The Sacraments and Sacramentals are vessels of the mystical participation in divine grace.  A sacrament is a meeting point between God and humanity – and actual encounter with Christ – the real witness of the sacrament in Jesus.  This encounter happens through symbols – rings, laying of hands, water, oil, bread, wine, touch.  These things remind us of what is invisible.

The blessing of water, flowers, pussy willows, houses, food and candles, miraculous medals that we wear, and crucifixes that we hang on the wall: What do all these things have in common?  They are blessed objects that Catholics often call sacramentals.  But actually, it is the ceremony by which these objects are blessed that are the sacramentals.  

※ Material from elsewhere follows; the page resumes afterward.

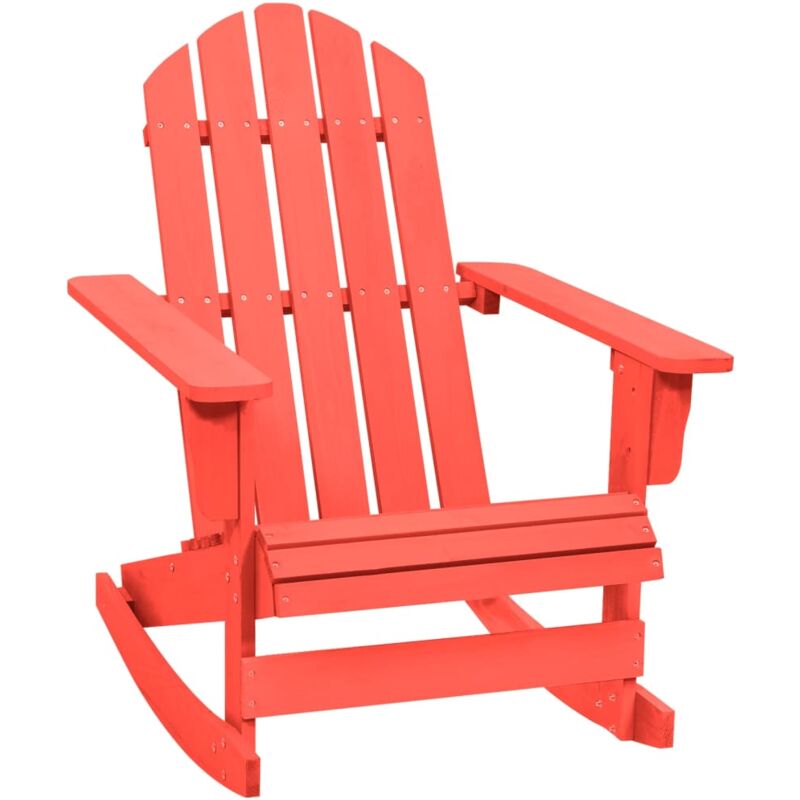 

Silla mecedora de jardín Adirondack madera maciza de abeto rojo - Rojo - Vidaxl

The first purpose of the sacramentals is to prepare for and extend the grace of the sacraments.  In the sacraments, it is Christ himself who is acting and so grace is objectively conferred by virtue of the performing of the rite by a valid minister acting as Christ’s instrument.  As acts of the Church, the sacramentals may also be occasions for grace by virtue of the intercession of the Church.  They are not efficacious in the same way nor to the same degree as the sacraments, but are more powerful than the private intercession of Christians precisely because they represent and make present the intercession of the entire Church.

The direct relationship between some sacra­men­tals and a particular sacrament are easy to see: the blessing of meals is connected to the Euch­arist, the blessing of homes relates to Matrimony, while the sprinkling of Holy Water recalls bap­tism.  The second purpose of sacramentals is the sanctification of every occasion of life.